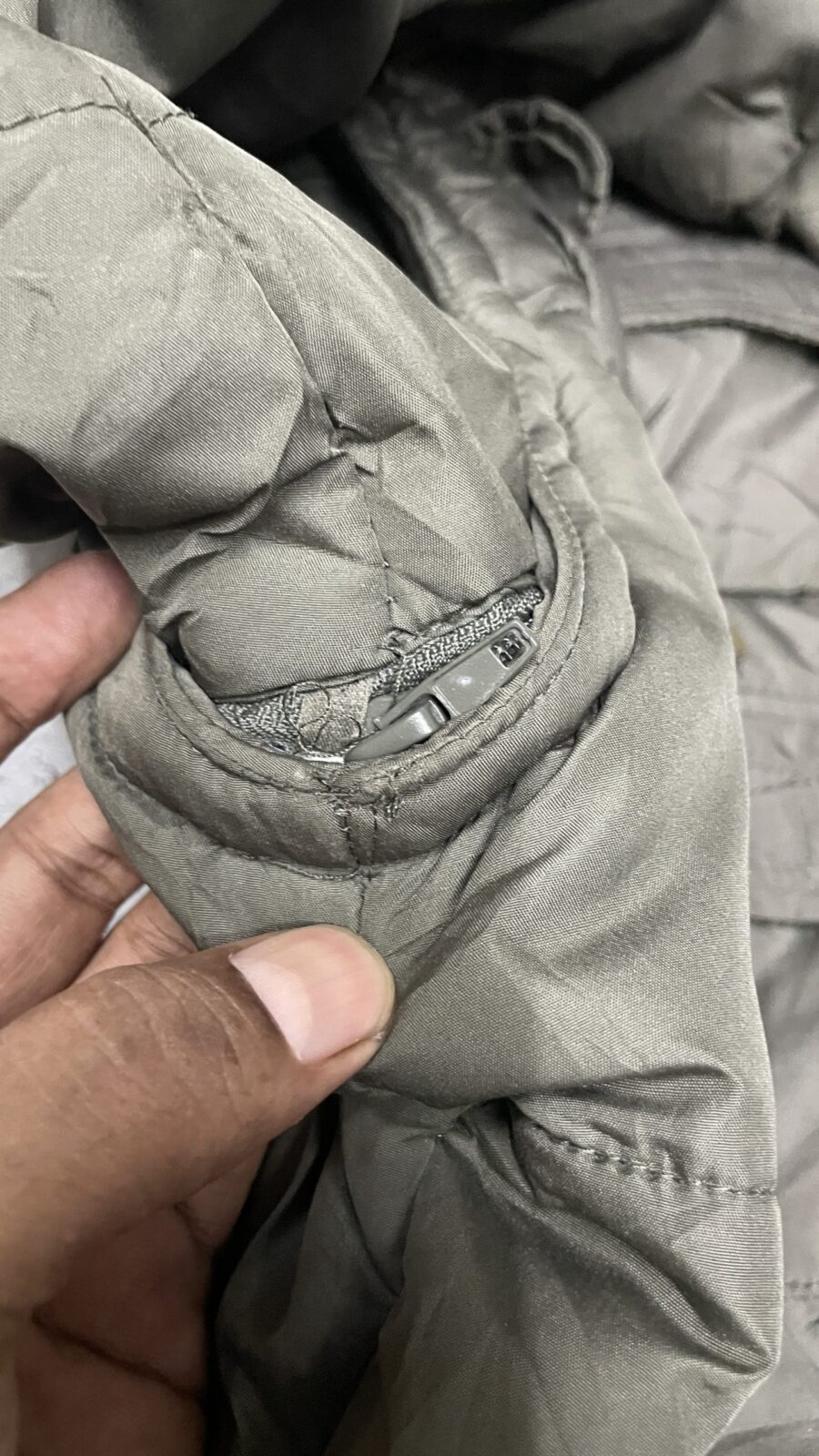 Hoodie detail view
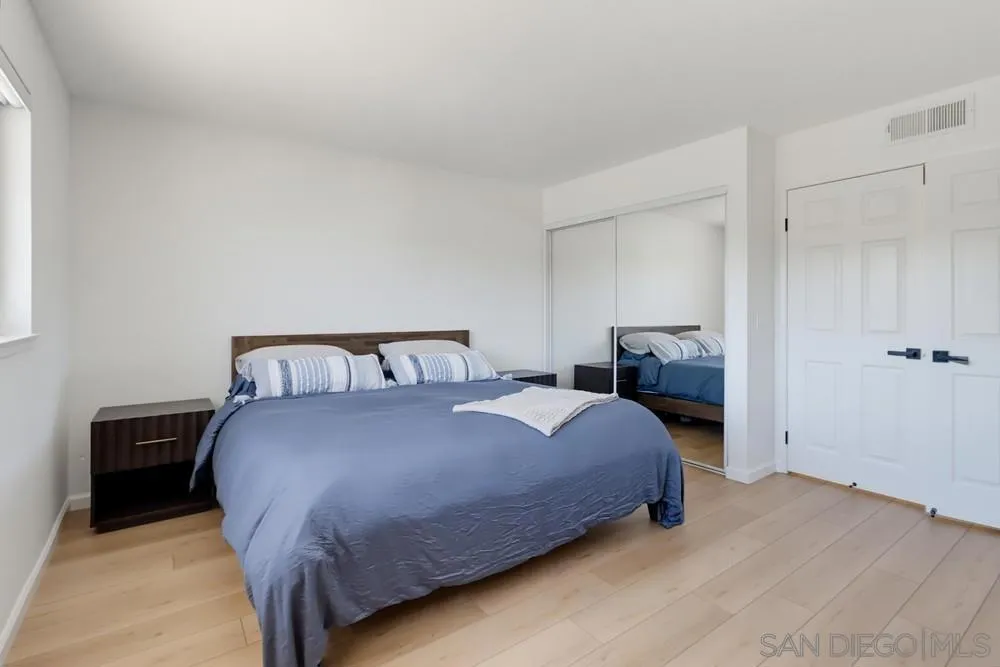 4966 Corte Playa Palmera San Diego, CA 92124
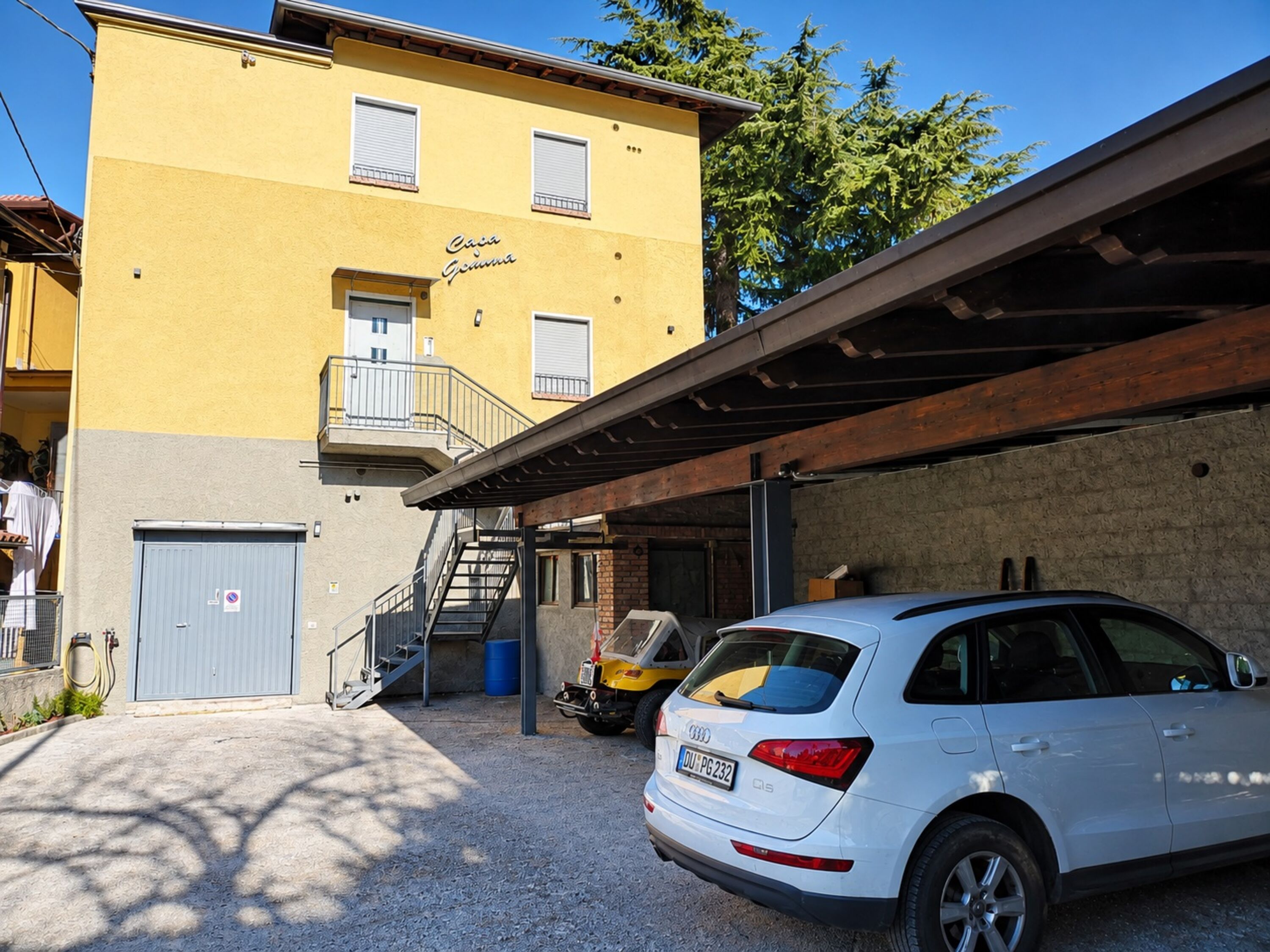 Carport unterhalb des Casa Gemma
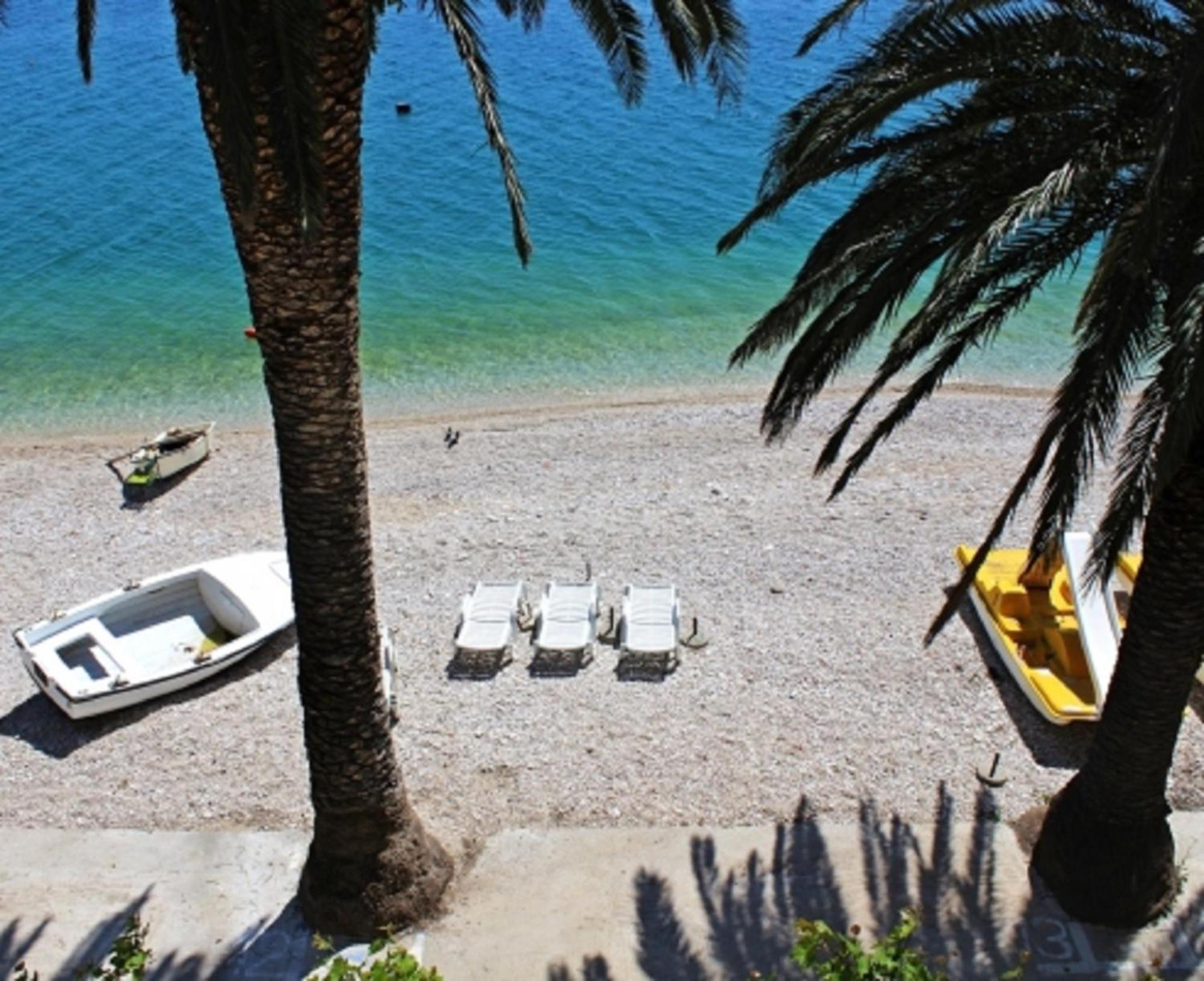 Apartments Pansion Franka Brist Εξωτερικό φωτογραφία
───
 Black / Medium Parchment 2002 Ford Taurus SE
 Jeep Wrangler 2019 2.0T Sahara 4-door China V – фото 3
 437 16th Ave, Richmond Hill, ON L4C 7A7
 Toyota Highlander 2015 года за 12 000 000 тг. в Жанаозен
───
== What you have to do ==
Out of the records above, set down only the lines from the one that contains "Hoodie detail view" through the one that contains "Apartments Pansion Franka", unchanged and without the pictures.

== Result ==
 Hoodie detail view
 4966 Corte Playa Palmera San Diego, CA 92124
 Carport unterhalb des Casa Gemma
 Apartments Pansion Franka Brist Εξωτερικό φωτογραφία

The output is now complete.